Tutorial

2.2.7. UNIX-to-DOS Filters

Suppose you want to write a Filter to convert UNIX line endings to DOS line-endings. The basic idea is simple: you process the characters in a sequence one at a time, and whenever you encounter the character '\n' you replace it with the two-character sequence '\r', '\n'. In the following sections I'll implement this algorithm as a stdio_filter, an InputFilter and an OutputFilter. The source code can be found in the header <libs/iostreams/example/unix2dos_filter.hpp>

unix2dos_stdio_filter

You can express a UNIX-to-DOS Filter as a stdio_filter by deriving from stdio_filter and overriding the private virtual function do_filter as follows:

#include <cstdio>    // EOF
#include <iostream>  // cin, cout
#include <boost/iostreams/filter/stdio.hpp>

namespace boost { namespace iostreams { namespace example {

class unix2dos_stdio_filter : public stdio_filter {
private:
    void do_filter()
    {
        int c;
        while ((c = std::cin.get()) != EOF) {
            if (c == '\n')
                std::cout.put('\r');
            std::cout.put(c);
        }
    }
};

} } } // End namespace boost::iostreams:example

The function do_filter consists of a straightforward implementation of the algorithm I described above: it reads characters from standard input and writes them to standard output unchanged, except that when it encounters '\n' it writes '\r', '\n'.

unix2dos_input_filter

Now, let's express a UNIX-to-DOS Filter as an InputFilter.

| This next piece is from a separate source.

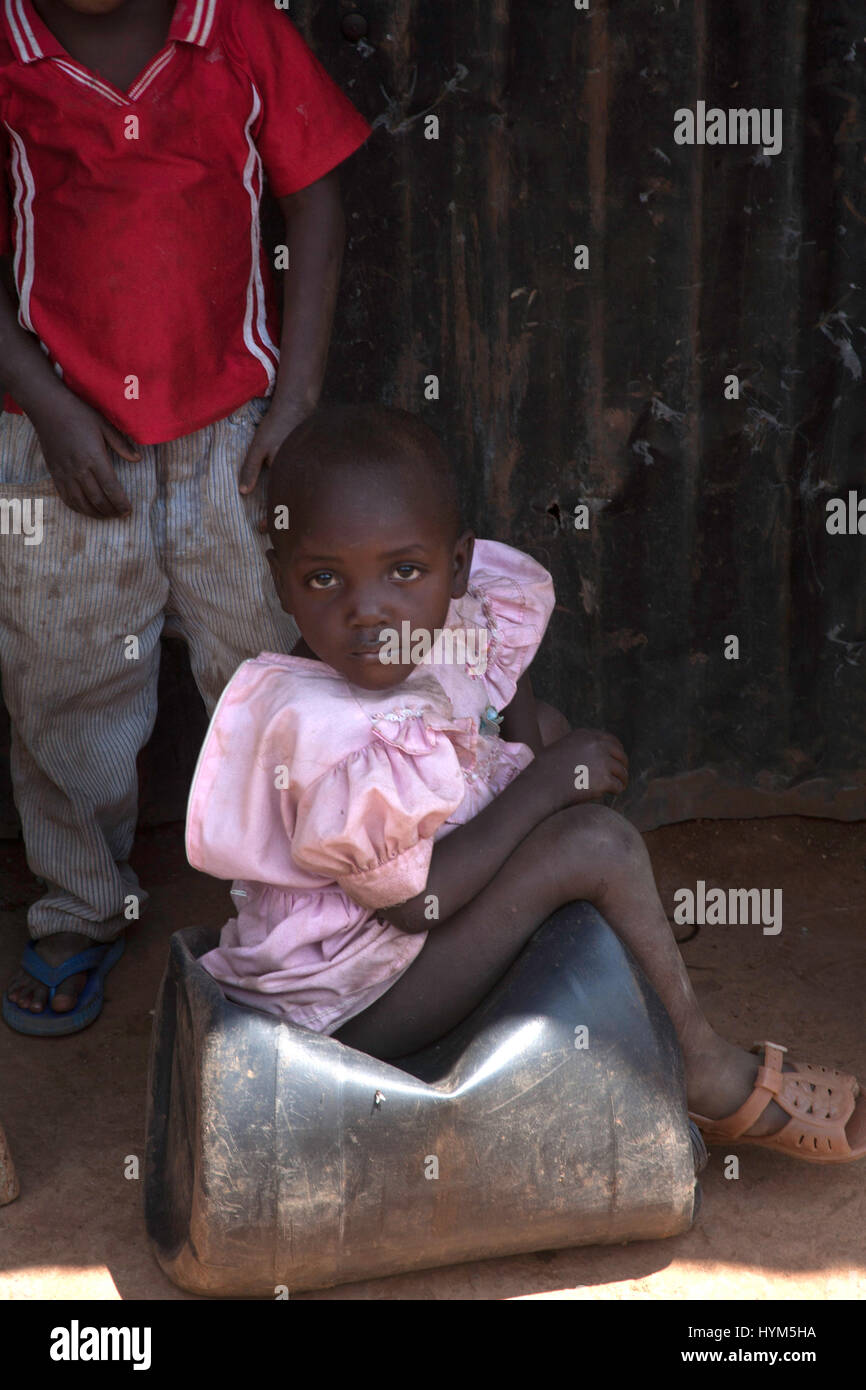 A child sitting on a plastic container in Kibera slums, Nairobi, Kenya, East Africa Stock Photo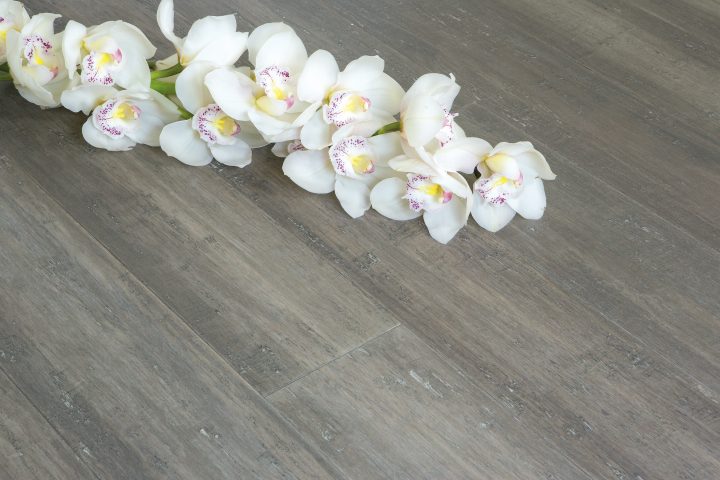 Solid Uniclic Stone Grey Strand Woven 135mm Bamboo Flooring Room Shot with Orchid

#include <boost/iostreams/categories.hpp> // input_filter_tag
#include <boost/iostreams/operations.hpp> // get

namespace boost { namespace iostreams { namespace example {

class unix2dos_input_filter {
public:
    typedef char              char_type;
    typedef input_filter_tag  category;

    unix2dos_input_filter() : has_linefeed_(false) { }

    template<typename Source>
    int get(Source& src)
    {
        // Handle unfinished business
        if (has_linefeed_) {
            has_linefeed_ = false;
            return '\n';
        }

        // Forward all characters except '\n'
        int c;
        if ((c = iostreams::get(src)) == '\n') {
            has_linefeed_ = true;
            return '\r';
        }

        return c;
    }

    template<typename Source>
    void close(Source&);
private:
    bool has_linefeed_;
};

} } } // End namespace boost::iostreams:example

The implementation of get can be described as follows. Most of the time, you simply read a character from src and return it. The special values EOF and WOULD_BLOCK are treated the same way: they are simply forwarded as-is. The exception is when iostreams::get returns '\n'. In this case, you return '\r' instead and make a note to return '\n' the next time get is called.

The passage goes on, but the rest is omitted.